Interview: NIDA Director Discusses Drug Abuse Among Teens

Nora Volkow, M.D., is the director of the National Institute on Drug Abuse (NIDA). The Challenge interviewed Dr. Volkow recently to discuss the research being conducted on drug abuse and its consequences on adolescent brains. The interview has been condensed for print. The full text can be found online at


NIDA spends a great deal of money on research studies to better understand and prevent drug abuse among children and adolescents.  Why is so much attention placed on this period of the lifespan?

Adolescents warrant increased attention because they are at heightened risk for drug abuse, they may suffer more severe consequences, and childhood and early adolescence represent times when targeted prevention efforts may have the most impact. NIDA-supported research has shown that the earlier drug abuse is initiated, the more likely an individual will become addicted.  In refact, addiction is called a developmental disease because it typically begins during the critical teen years when the brain is still developing—not to fully mature until a person is in his or her 20s. This heightened risk adolescents face, therefore, is far more than just a result of social angst or the opportunity to use drugs, though these factors certainly play a role. Rather, adolescents face increased risk because these environmental factors occur during a time of great change in the brain.  For example, among the last areas of the brain to mature is the prefrontal cortex—the part of the brain that enables us to assess situations, make sound decisions, and keep our emotions and desires under control.  The fact that this critical part of an adolescent’s brain is still a work-in-progress can help to explain the risk taking that is a characteristic of this time period, and can help us, as adults, recognize more fully the challenges youth face in making decisions that impact their health.

How do drugs affect brain functioning during childhood and adolescence?

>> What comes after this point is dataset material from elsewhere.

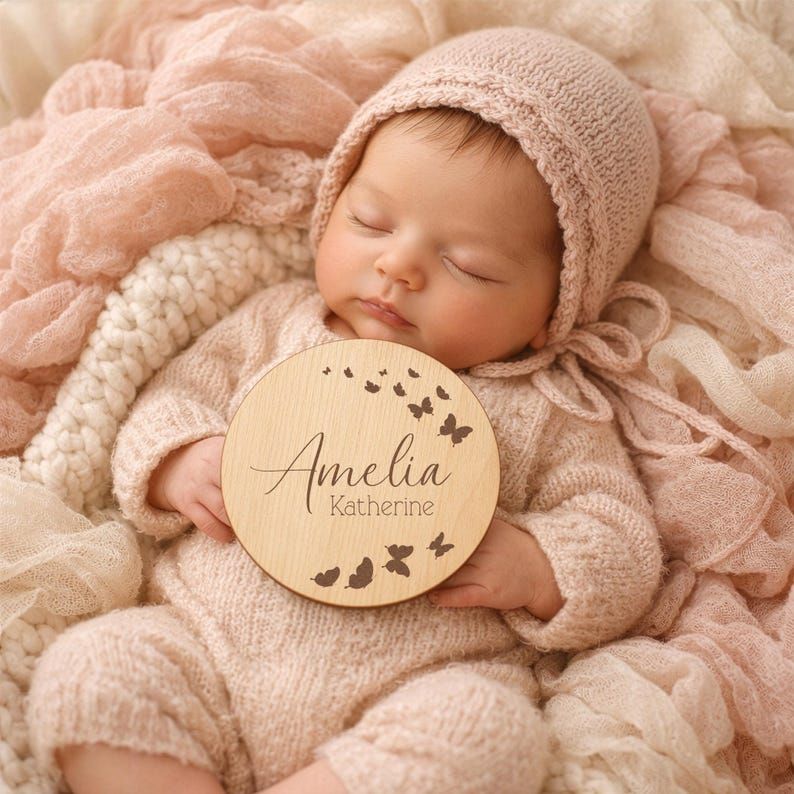 Butterfly Baby Name Announcement Sign | Wooden Baby Name Reveal Plaque | Birth Announcement | Newborn Photo Prop | Pregnancy Announcement (4")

It is important to understand that studies on brain functioning are still relatively new, especially in younger human populations.  Innovative research, however, is helping to shed light on the various ways in which drugs can change the course of brain development and behavior.  We know that drug abuse affects the brain circuitry involved in reward, motivation, memory, and judgment.  Are these effects intensified when a still-developing brain is exposed to drugs?  Likely so, given the range of mental and substance abuse problems already linked to early drug abuse.  But recent studies are delving into how exposure to drugs at different points along a developmental trajectory changes the brain and leaves individuals more vulnerable to health problems later in life.  This research is enhanced by the availability of new technologies, including neuroimaging tools that allow us to study the human brain like never before, literally to see into the brains of people and discover how drugs are affecting its function. 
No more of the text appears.